Morris Jastrow said: “We have seen that the city of Nippur occupied a special place among the older centres of the Euphrates Valley, marked not by any special political predominance—though this may once have been the case—but by a striking religious significance. Corresponding to this position of the city, we find the chief deity of the place, even in the oldest period, occupying a commanding place in the pantheon and retaining a theoretical leadership even after Enlil was forced to yield his prerogatives to Marduk. [Source: Morris Jastrow, Lectures more than ten years after publishing his book “Aspects of Religious Belief and Practice in Babylonia and Assyria” 1911]


Inscription from Ekur, an Enlil temple

“The name Enlil is composed of two Sumerian elements and signifies the “lord of the storm.” His character as a storm-god, thus revealed in his name, is further illustrated by traits ascribed to him. The storm constitutes his weapon. He is frequently described and addressed as the “Great Mountain.” His temple at Nippur is known as E-Kur, “Mountain House,” which term, because of the supreme importance of this Temple, became, as we have seen,the general name for a sanctuary. Since, moreover, his consort Ninlil is designated as Nin-Kharsag, “Lady of the Mountain,” there are substantial reasons for assuming that his original seat was on the top of some mountain, as is so generally the case with storm-deities like Jahweh, the god of the Hebrews, the Hittite god Teshup, Zeus, and others. There being no mountains in the Euphrates Valley, the further conclusion is warranted that Enlil was the god of a people whose home was in a mountainous region, and who brought their god with them when they came to the Euphrates Valley, just as the Hebrews carried the cult of Jahweh with them when they passed from Mt. Sinai into Palestine.

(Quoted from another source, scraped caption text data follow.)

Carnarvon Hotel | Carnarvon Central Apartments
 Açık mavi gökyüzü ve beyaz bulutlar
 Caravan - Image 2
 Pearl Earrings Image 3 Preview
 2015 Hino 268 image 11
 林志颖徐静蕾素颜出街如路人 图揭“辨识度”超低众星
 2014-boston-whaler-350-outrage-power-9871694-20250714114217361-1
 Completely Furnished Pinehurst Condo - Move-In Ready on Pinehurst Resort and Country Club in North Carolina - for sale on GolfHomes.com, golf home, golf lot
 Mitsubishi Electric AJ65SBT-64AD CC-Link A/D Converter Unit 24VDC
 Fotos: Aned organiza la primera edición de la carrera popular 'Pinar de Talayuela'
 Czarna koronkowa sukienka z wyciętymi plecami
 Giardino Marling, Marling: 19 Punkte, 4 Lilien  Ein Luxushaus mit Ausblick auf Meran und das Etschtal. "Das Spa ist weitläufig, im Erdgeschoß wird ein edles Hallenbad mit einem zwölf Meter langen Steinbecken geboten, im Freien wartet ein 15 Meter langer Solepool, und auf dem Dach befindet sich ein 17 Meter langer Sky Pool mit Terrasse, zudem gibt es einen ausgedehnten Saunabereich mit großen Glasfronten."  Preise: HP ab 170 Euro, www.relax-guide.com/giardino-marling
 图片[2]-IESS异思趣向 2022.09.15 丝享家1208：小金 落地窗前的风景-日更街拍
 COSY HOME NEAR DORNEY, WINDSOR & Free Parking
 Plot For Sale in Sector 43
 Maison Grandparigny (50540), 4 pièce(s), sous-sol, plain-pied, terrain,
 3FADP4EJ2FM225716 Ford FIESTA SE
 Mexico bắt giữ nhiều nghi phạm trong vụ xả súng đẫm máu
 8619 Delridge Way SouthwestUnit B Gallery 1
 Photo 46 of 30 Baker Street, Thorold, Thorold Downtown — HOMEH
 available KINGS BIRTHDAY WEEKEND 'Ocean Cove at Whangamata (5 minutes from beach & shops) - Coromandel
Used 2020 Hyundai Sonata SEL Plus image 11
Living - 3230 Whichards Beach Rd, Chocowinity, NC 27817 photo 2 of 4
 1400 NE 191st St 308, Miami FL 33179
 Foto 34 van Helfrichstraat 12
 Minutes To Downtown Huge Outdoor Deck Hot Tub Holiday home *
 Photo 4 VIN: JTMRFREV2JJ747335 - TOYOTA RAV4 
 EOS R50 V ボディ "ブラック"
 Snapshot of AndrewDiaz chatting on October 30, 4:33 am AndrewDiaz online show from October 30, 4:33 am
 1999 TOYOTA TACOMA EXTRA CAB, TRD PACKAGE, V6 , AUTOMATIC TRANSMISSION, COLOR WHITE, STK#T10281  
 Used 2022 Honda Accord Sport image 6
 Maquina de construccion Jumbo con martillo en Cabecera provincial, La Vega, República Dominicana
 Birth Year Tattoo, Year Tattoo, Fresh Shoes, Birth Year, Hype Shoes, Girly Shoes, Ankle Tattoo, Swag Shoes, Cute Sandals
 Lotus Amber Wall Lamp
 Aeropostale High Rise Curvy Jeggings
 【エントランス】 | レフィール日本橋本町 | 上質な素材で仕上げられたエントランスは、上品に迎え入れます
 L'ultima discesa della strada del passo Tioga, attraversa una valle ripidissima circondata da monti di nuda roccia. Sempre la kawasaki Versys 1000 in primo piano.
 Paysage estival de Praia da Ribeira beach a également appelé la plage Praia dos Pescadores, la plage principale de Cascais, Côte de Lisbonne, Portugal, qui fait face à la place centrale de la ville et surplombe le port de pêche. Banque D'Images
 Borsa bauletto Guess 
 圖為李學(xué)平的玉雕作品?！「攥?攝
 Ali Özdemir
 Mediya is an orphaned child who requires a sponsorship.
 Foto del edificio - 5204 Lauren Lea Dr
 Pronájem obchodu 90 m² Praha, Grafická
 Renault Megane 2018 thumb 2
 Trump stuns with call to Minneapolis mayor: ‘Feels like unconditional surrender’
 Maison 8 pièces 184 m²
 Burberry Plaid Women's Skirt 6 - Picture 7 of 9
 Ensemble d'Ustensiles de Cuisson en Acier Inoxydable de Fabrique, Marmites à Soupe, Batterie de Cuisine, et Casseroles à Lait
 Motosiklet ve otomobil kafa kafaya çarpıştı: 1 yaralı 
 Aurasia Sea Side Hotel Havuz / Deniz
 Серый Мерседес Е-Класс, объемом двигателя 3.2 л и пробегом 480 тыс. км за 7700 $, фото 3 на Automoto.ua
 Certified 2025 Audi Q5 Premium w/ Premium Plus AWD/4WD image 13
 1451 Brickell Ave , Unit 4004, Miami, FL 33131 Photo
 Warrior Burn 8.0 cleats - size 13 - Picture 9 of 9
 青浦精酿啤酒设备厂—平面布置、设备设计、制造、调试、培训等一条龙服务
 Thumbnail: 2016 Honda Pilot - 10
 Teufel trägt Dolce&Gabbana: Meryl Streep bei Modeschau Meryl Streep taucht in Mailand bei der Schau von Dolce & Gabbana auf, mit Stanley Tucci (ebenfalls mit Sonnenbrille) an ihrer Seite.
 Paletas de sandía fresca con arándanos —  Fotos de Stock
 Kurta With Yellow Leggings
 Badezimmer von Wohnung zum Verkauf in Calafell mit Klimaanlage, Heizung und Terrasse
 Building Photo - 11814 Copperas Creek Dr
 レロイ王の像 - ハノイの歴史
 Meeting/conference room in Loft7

“Nippur is so essentially a Sumerian settlement that we must perforce associate the earliest cult of Enlil with the non-Semitic element in the population. Almost the only region from which the Sumerians could have come was the east or the north-east—the district which in a general way we may designate by the name Elam, though the Sumerians, like the Kassites in later days, might have originated in a region considerably to the north of Elam. While, as has been pointed out, it is not ordinarily possible to separate the Sumero-Akkadian civilisation into its component parts—Semitic and non-Semitic—and more particularly in reference to gods, beliefs, and rites is any detailed attempt to exactly differentiate between the additions made by one group or another destined to failure, yet in some instances it is possible to do so.

Nippur’s Role in Mesopotamia

Morris Jastrow said: “The prominent influence exerted by religion in the oldest period finds a specially striking illustration in the position acquired by the city of Nippur—certainly one of the oldest centres in the Euphrates Valley. So far as indications go, Nippur never assumed any great political importance, though it is possible that it did so at a period still beyond our ken. But although we do not learn of any jurisdiction exercised by her rulers over any considerable portion of the Euphrates Valley, we find potentates from various parts of Babylonia and subsequently also the Assyrian kings paying homage to the chief deity of the place, Enlil. To his temple, known as E-Kur, “mountain house,” they brought votive objects inscribed with their names. [Source: Morris Jastrow, Lectures more than ten years after publishing his book “Aspects of Religious Belief and Practice in Babylonia and Assyria” 1911]


foundation nail from Nippur

“Rulers of Kish, Uruk, Ur, Lagash, Agade are thus represented in the older period, and it would appear to have been almost an official obligation for those who claimed sovereignty over the Euphrates Valley to mark their control by some form of homage to Enlil, the name of whose temple became in the course of time a general term for “sanctuary.” The patron deities of other centres, such as Ningirsu of Lagash, Nergal of Cuthah, Sin of Ur, Shamash of Sippar, and Marduk of Babylon, were represented by shrines or temples within the sacred quarter of Nippur; and the rulers of these centres rarely failed to include in their titles some reference to their relationship to Enlil and to his consort Ninlil, or, as she was also called, Nin-Kharsag, “the lady of the mountain.”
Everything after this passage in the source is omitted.